Hello and welcome back to the EMDR doctor podcast. I’m Dr Caroline Lloyd.
Today, I want to talk about anger. Even saying that feels a little strange.
There's something about anger, isn't there, that feels... off-limits? It’s not just that we’re uncomfortable expressing it—these days, it feels like we’re not even allowed to feel it. And if we do, especially in public, we’re often labelled. We get put in this box—“difficult,” “hysterical,” “too much.”
It’s even more pronounced for women. There's this unspoken rule that to be likeable, we must be agreeable. Smiling. Soothing. Nice. And anger doesn’t fit neatly into that box.
Some families are very open about their anger—it’s loud, visible, frequent. Others have a kind of abhorrence toward it. It’s seen as dangerous or shameful. And in those families, anger becomes something you suppress, push down, hide.

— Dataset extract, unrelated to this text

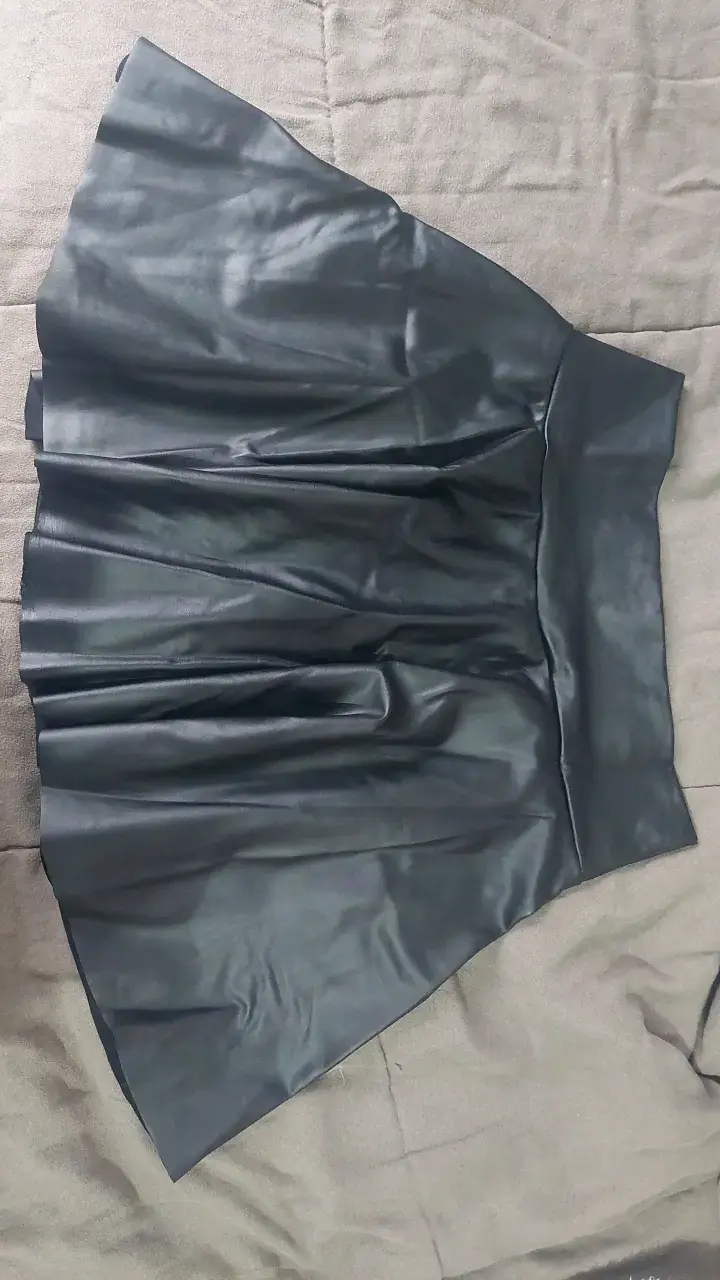 Falda negra de cuero sintético mujer - 1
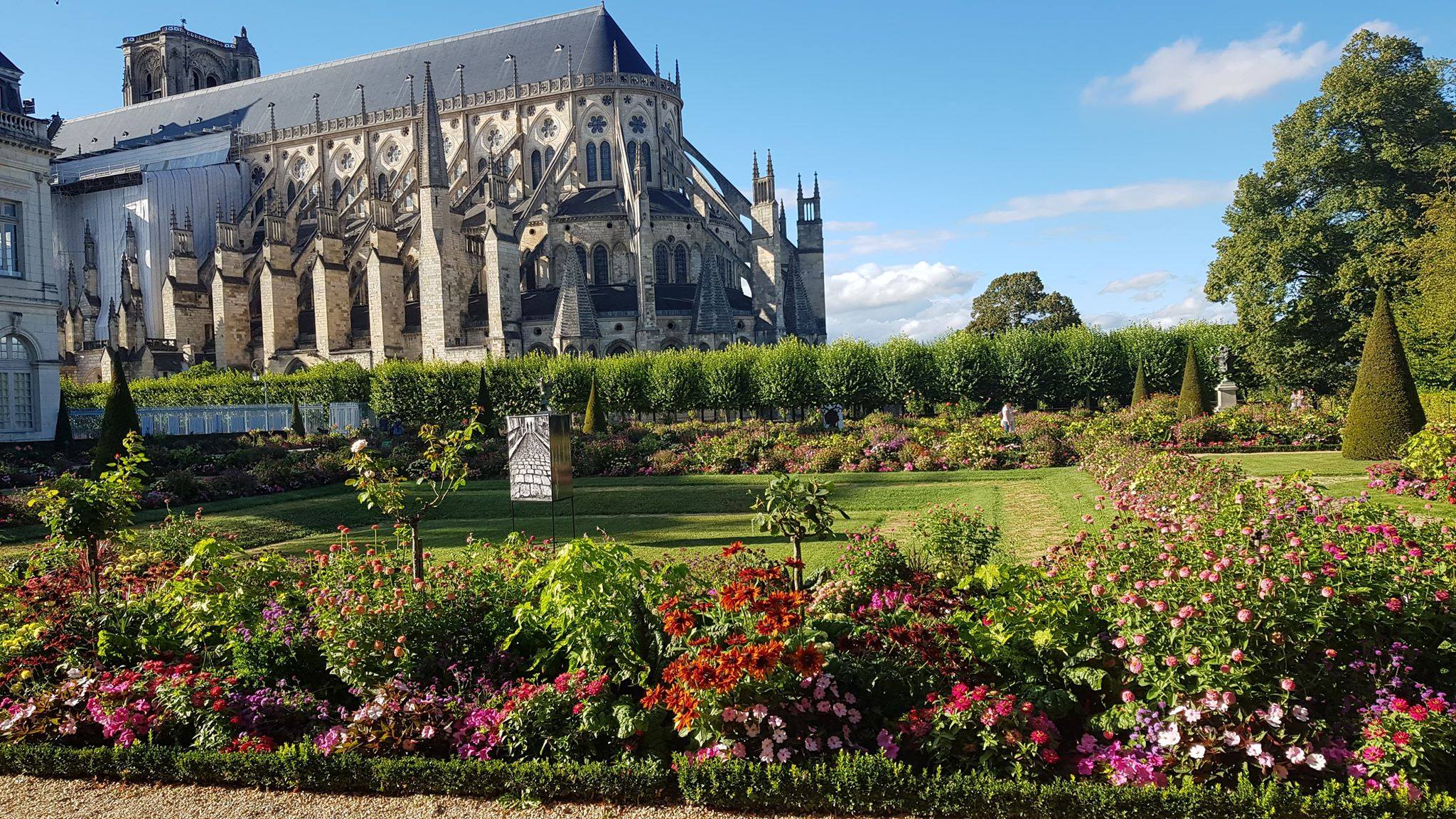 Dansons dans le Jardin de l'Archevêché by Kiz'Bourges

But here’s the thing—anger serves a purpose. It creates power, and it creates distance. When we’re angry, we push people away. And sometimes, that’s exactly what’s needed. If someone’s hurt you, crossed a boundary, or made you feel unsafe, anger is the internal bodyguard that steps forward and says: “Back off.”
We don’t talk about that enough. That anger can be protective. Grounding. Sometimes even wise.
And yet... we live in a world that wants us to erase all signs of that emotion. Not just in how we act—but even in how we look.
Something I’ve been thinking about lately is how our culture is erasing the signs of anger, even from our faces. And I’m talking here about women’s faces.
We’re told we need to be smooth, expressionless, ever-youthful. Botox. Fillers. Filters. We erase the lines between our eyebrows, the furrows of concern, the evidence of lived experience.
And I don’t know about you, but that feels deeply sad to me.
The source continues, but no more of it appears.